A recruiter carrying fifteen open requisitions knows her pipeline, her inbox, and whatever the hiring manager said last Thursday. She doesn't know the top candidate just entered final rounds at a competitor. Finance is quietly reconsidering the headcount, and she hasn't heard. The hiring manager's real hesitation has nothing to do with the requirements on paper and everything to do with internal politics on the leadership team, but that context never reached her inbox. She's making good decisions with the information she has. They just happen to be the wrong ones.
Most TA teams would call that a performance problem, or a communication problem, or both. I think the more useful frame is architectural. The recruiter isn't failing. She's operating rationally inside an information set that's too small for the decisions she's being asked to make.
Economist Herbert Simon argued in the 1950s that real decision-makers don't optimize. They lack the information, the processing capacity, and the time. Instead, they find an option that clears a threshold and move on. He called it bounded rationality, and won a Nobel Prize for the idea.
Systems scientist Donella Meadows took the idea further in Thinking in Systems. I'm borrowing one piece of her argument. She argues that bounded rationality is a property of positions within a system, not just of people. The same person, moved to a different seat with different information and different incentives, makes different decisions.
She illustrates the point with fishermen. Each fisher sees their own catch but not the aggregate depletion of the stock. Each boat's decision to keep fishing is locally rational. Collectively, they destroy the fishery. Nobody did anything wrong, and replacing any individual fisher wouldn't change it.
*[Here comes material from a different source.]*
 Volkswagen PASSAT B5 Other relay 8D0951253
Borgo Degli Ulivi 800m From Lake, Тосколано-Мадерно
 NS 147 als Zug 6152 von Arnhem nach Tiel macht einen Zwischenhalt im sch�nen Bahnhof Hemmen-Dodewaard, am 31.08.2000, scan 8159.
Each actor in the hiring process sees a different fragment. The recruiter has ATS data, sourcing response rates, and whatever context the hiring manager shared in intake. The hiring manager works from a different slice. Debrief feedback, their team's workload, their own evolving picture of the ideal candidate.
From the candidate's position, the relevant information is the job description, the interview experience, and the competing offers on their desk. Finance has headcount budgets and approval timelines. Every one of these views is real, accurate, and radically incomplete.
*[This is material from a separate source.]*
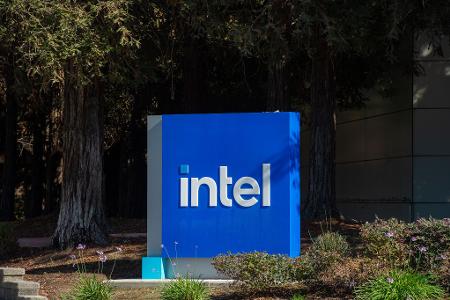 Der juristische Streit zwischen EU-Kommission und Intel geht seit gut 15 Jahren hin und her. Der juristische Streit zwischen EU-Kommission und Intel geht seit gut 15 Jahren hin und her.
From any other seat in the system, those behaviors look irrational. A hiring manager takes two weeks to align a stakeholder before making an offer, because extending an offer without budget confirmation would be reckless. During those two weeks, the two strongest candidates accept other offers.
The recruiter, now pipeline-depleted, restarts sourcing. The hiring manager experiences this as weak candidates. The recruiter experiences it as a slow decision-making. Both are wrong about the other and right about their own logic.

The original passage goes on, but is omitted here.